I’ve been using the following code as my test case, which is similar to my actual code where I need to subset and then calculate something (on repeat, so it’s worth optimising properly)
import numpy as np
import xarray as xr
import time
# Fill up memory with some unreasonably large dataset (just under 4GB)
print('Data Generation')
%time data = xr.DataArray(np.random.normal(0,1,(10**4,10**4)))
#negligible time
mask = np.zeros(10**4)
mask[::10] = 1
mask_xr = xr.DataArray(mask)
# Test a variety of functions
print('\nxr.DataArray.where')
%time small_data = data.where(mask_xr)
print('\nxr.DataArray.where (drop = True)')
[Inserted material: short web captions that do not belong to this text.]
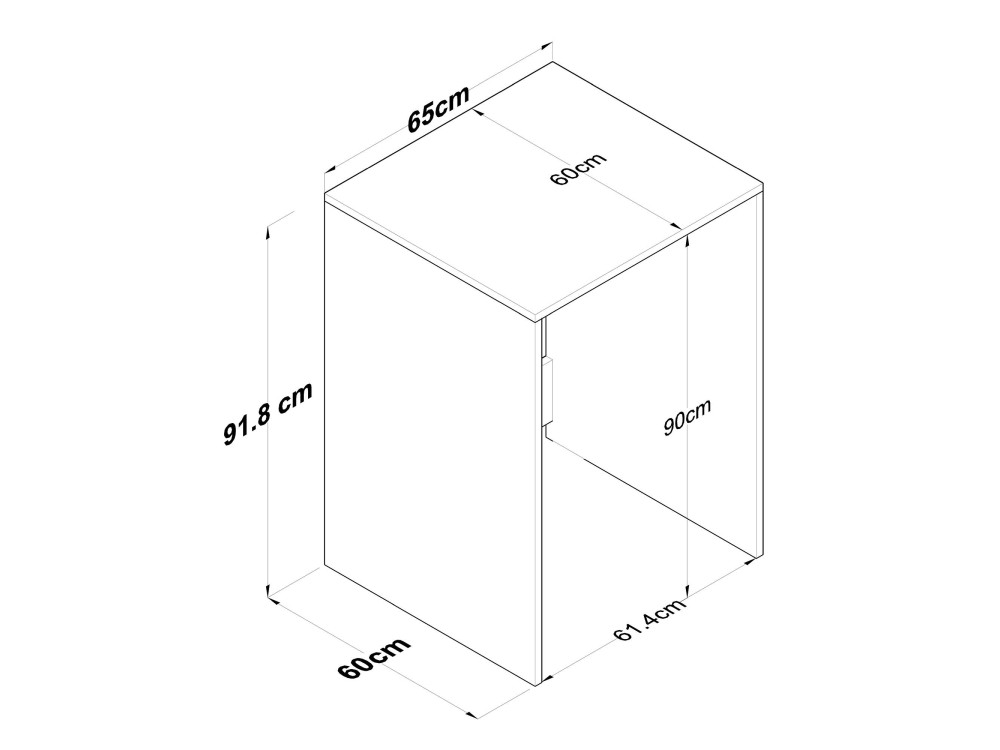 Waschmaschinenschrank aus Holz "Dido" - 65 x 60 x 91 cm - Weiß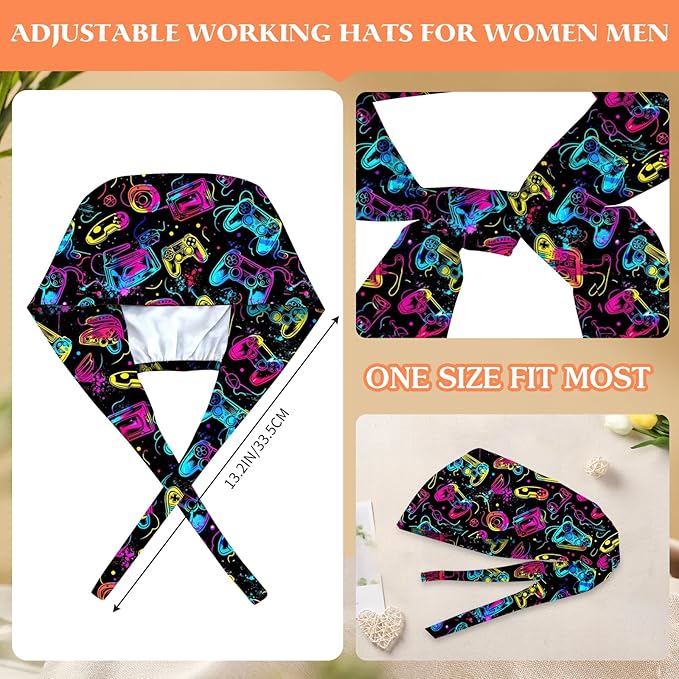 Adjustable Scrub Cap with Buttons & Sweatband, Working Hat with Elastic Tie Back, Unisex Nurse Surgical Caps for Women & Men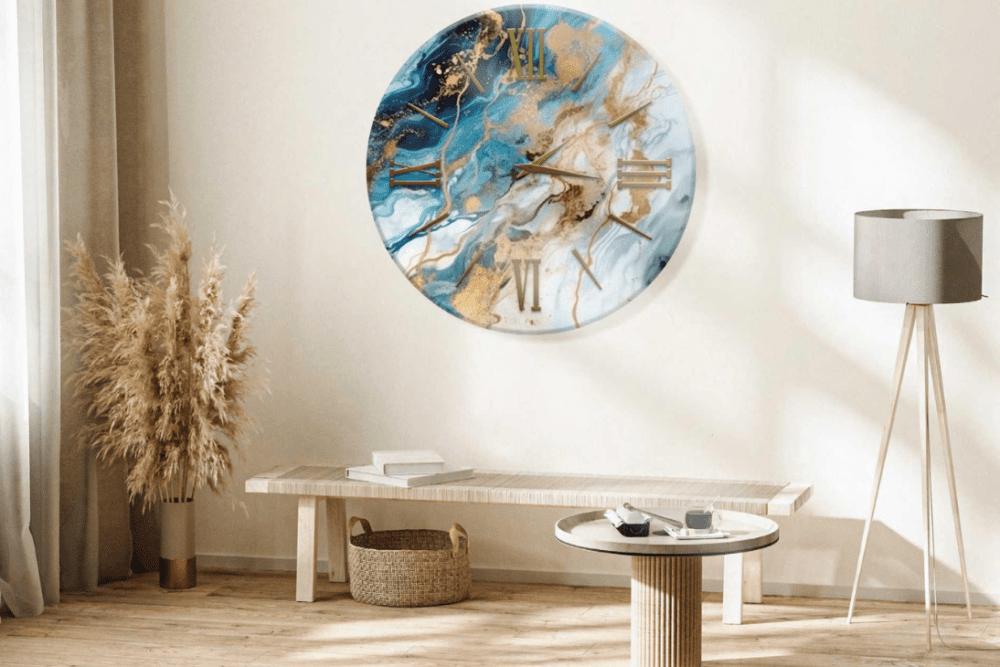 Orologio blu con dettagli in oro - Stampa su vetro temperato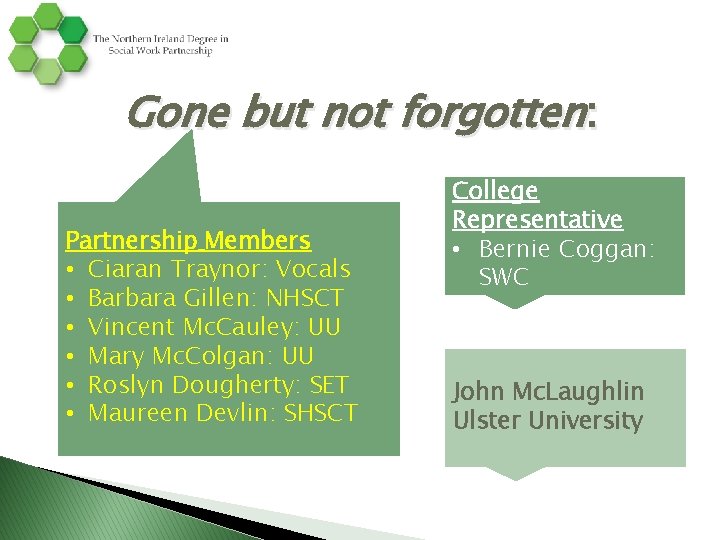 Gone but not forgotten: Partnership Members • Ciaran Traynor: Vocals • Barbara Gillen: NHSCT Gone but not forgotten: Partnership Members • Ciaran Traynor: Vocals • Barbara Gillen: NHSCT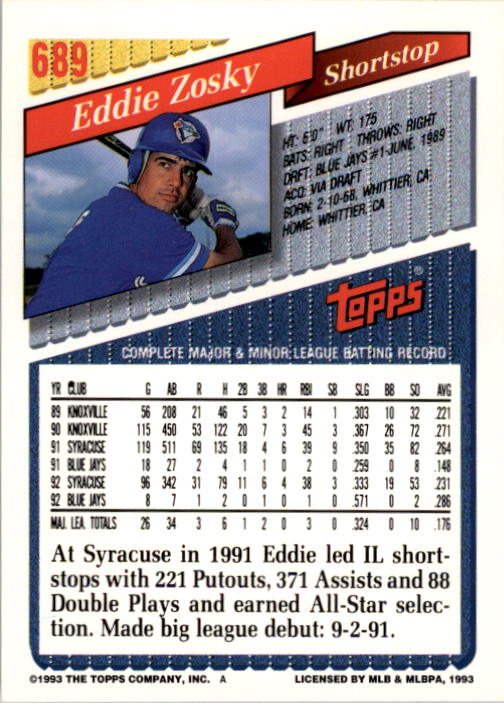 A6983- 1993 Topps Baseball Cards 651-825 +Rookies -You Pick- 15+ FREE US SHIP - Picture 77 of 339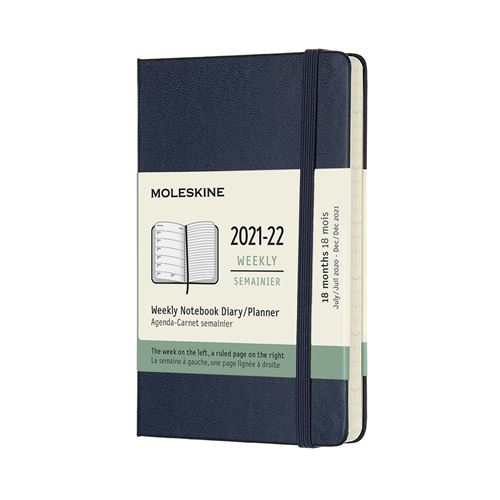 Agenda scolaire semainier Moleskine Pocket Couverture rigide 2021-2022 Bleu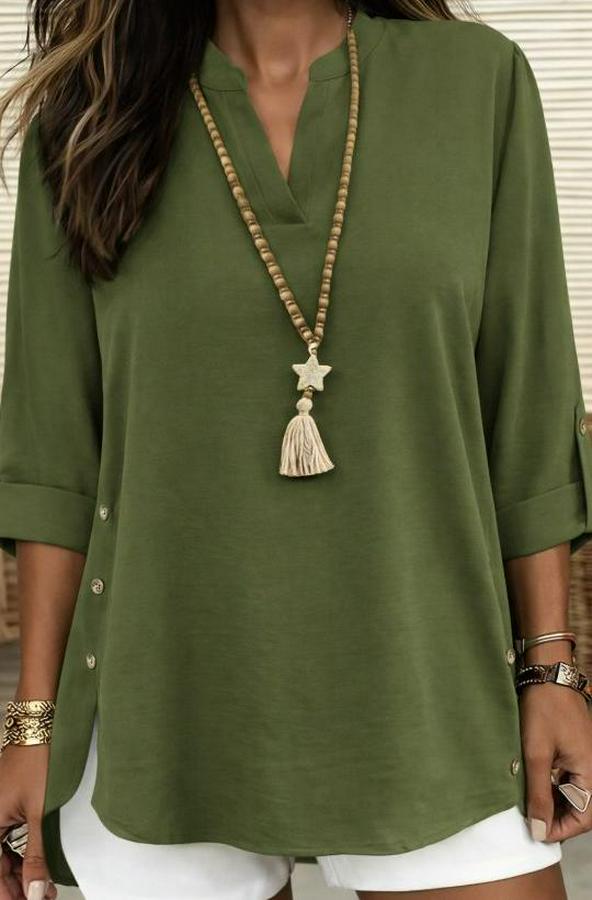 Truvakar Kol Hakim Yakalı Yandan Düğme Detaylı Aerobin Bluz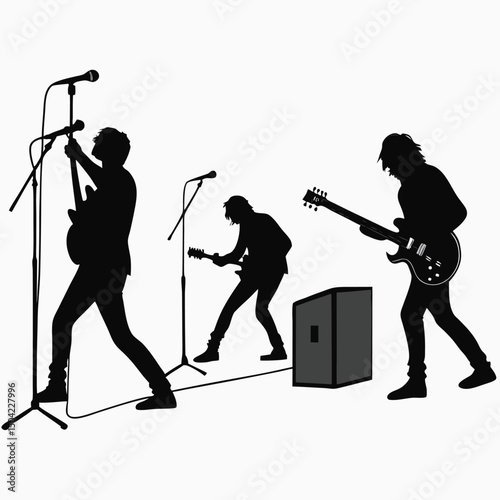 Solid black silhouette of a guitarist strumming, vector EPS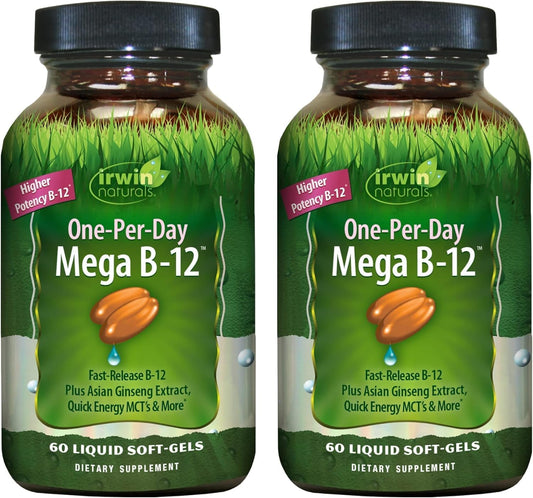 Irwin Naturals One-Per-Day Mega B-12 1.500mcg Metilcobalamina - Alta Potencia con MCT y Ginseng Asiático - 60 Cápsulas Blandas Líquidas (Pack de 2)
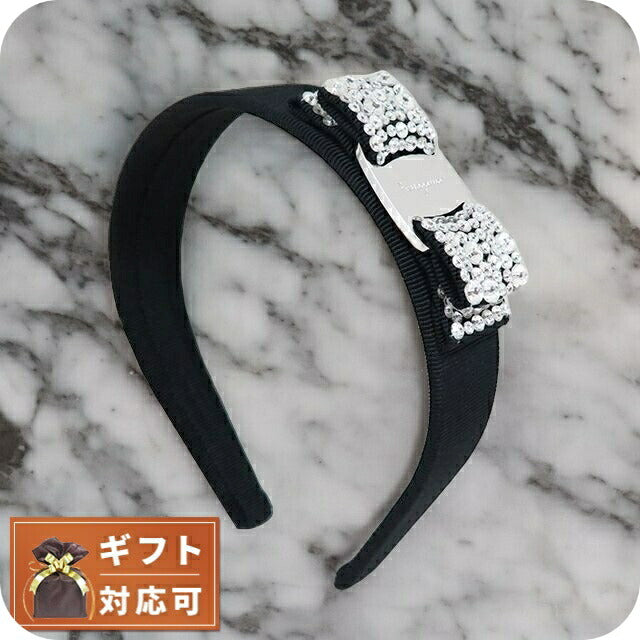 フェラガモ FERRAGAMO カチューシャ レディース 342758-524893 VARA ヴァラ リボン BLACK ブラック クリスタル WQ00041238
%time small_data = data.where(mask_xr,drop=True)
print('\nxr.DataArray.shift')
%time small_data = data.shift(dim_0 = 10)
print('\nxr.DataArray.sel')
%time small_data = data.sel(dim_0 = mask_xr.astype(bool))
print('\nnp.log (full dataset)')
%time np.log(data)
print('\nnp.log (small dataset)')
%time np.log(small_data)
Results are below - all times in seconds:
gadi – broadwell (2 cores, 9GB RAM) | My mac – M2 (10 cores, 32GB RAM) | casper – I think skylake (2 cores, 9.5GB RAM) | |
---|---|---|---|
xr.DataArray.where | 0.3 | 0.15 | 1-6 |
xr.DataArray.where (drop = True) | 0.3 | 0.15 | 1-6 |
xr.DataArray.shift | 0.6 | 0.25 | 10-12 |
xr.sel | 0.03 | 0.01 | 0.04-0.06 |
np.log (full data) | 2 | 0.6 | 4.7 |
np.log (small data) | 0.2 | 0.06 | 0.6 |
I’m finding that xr.DataArray.where
and xr.DataArray.shift
are much slower than I expected, compared to the other two. I would have assumed that these returned views of the DataArray, rather than copies, but the speed is suggesting otherwise. I can’t find anything in the docs’ function descriptions to suggest where or shift should behave differently to sel
, memory wise. If it was a memory issue, I’d also expect np.where to be faster with drop=True
than drop=False
, but it isn’t.
Additionally, I’m perplexed by just how much the relative speeds vary on different machines. On my mac and on gadi-broadwell, np.log
is about four times slower than the various subsetting operations. On NCAR’s casper (I think a skylake node), np.log is faster, by up to an order of magnitude. As a bonus, the gadi stats were all 10 times slower on the second ARE session I started, and I’ve got no idea why.
Does anyone know how these functions and computers behave under the hood that’s causing the difference? I assume the differences between machines is something to do with how RAM is handled, rather than np.log
being a bad benchmark - I was finding the same differences with my original problem involving matrix multiplication.
Furthermore, if anyone has access to another supercomputer or has a different chip in their local computer, I’d be interested to see their output from the same test code.